Do views interfere with thread synchronization?

I have this code which attempts compute a matrix-vector product using submatrices.

tasks = [];
    for th in 1:length(tbs)
        tb = tbs[th]
        push!(tasks, Threads.@spawn begin 
            mul!(tb.result, tb.kcolumns, tb.uv)
        end);
    end

This works fine when materialize the submatrices, i.e. when tb.kcolumns is K[:, colrange], but it does not work when I use views, i.e. when tb.kcolumns is view(K, :, colrange).

Do views change the thread behavior?

If they change threading behavior I’d suspect a data race. More information would help to understand that better, of course.

Alas, my attempts to construct a MWE have failed to reproduce the behavior (the threads get stuck forever).

Which sounds like a problem in itself. Should we have a look?

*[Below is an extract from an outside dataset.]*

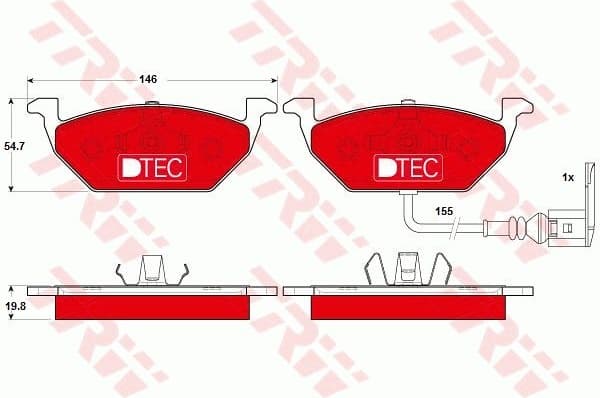 Brake Pad Set, disc brake DTEC COTEC GDB1386DTE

OK. Here is the code of the M(non)WE:

module example

using LinearAlgebra
using SparseArrays

struct ThreadBuffer{KVT}
    kcolumns::KVT
    uv::SubArray{Float64, 1, Vector{Float64}, Tuple{UnitRange{Int64}}, true} 
    result::Vector{Float64}
end

function parmul!(R, tbs)
    tasks = [];
    for th in 1:length(tbs)
        tb = tbs[th]
        push!(tasks, Threads.@spawn begin 
            mul!(tb.result, tb.kcolumns, tb.uv)
        end);
    end
    Threads.wait(tasks[1]);
    R .= tbs[1].result
    for th in 2:length(tbs)
        Threads.wait(tasks[th]);
        R .+= tbs[th].result
    end
    R
end

function parloop!(N)
    K = sprand(N, N, 0.1)
    U1 = rand(N)
    R = fill(0.0, N)
    nth = Base.Threads.nthreads()
    @info "$nth threads used"
    chunk = Int(floor(N / nth))
    threadbuffs = ThreadBuffer[];
    for th in 1:nth
        colrange = th < nth ? (chunk*(th-1)+1:chunk*(th)+1-1) : (chunk*(th-1)+1:length(U1))
        push!(threadbuffs, ThreadBuffer(view(K, :, colrange), view(U1, colrange), deepcopy(U1)));
        # push!(threadbuffs, ThreadBuffer(K[:, colrange], view(U1, colrange), deepcopy(U1)));
    end

    R .= parmul!(R, threadbuffs)
    @show norm(R - K*U1)
    true 
end

end # module
nothing

using .example; example.parloop!(10000)

Interesting. Returns immediately for me with

[ Info: 5 threads used
norm(R - K * U1) = 2.0796050396124542e-11
true

on

julia> versioninfo()
Julia Version 1.8.0-DEV.1309
Commit 89f23325aa (2022-01-13 19:48 UTC)        
Platform Info:
  OS: Windows (x86_64-w64-mingw32)
  CPU: Intel(R) Core(TM) i7-10710U CPU @ 1.10GHz
  WORD_SIZE: 64
  LIBM: libopenlibm
  LLVM: libLLVM-13.0.0 (ORCJIT, skylake)
Environment:
  JULIA_EDITOR = code
  JULIA_NUM_THREADS = 5

Correct: That is why it is a non-working example.

1 Like

Code looks fine too me. Only thing I’m wondering: why deepcopy(U1) instead of similar(U1)?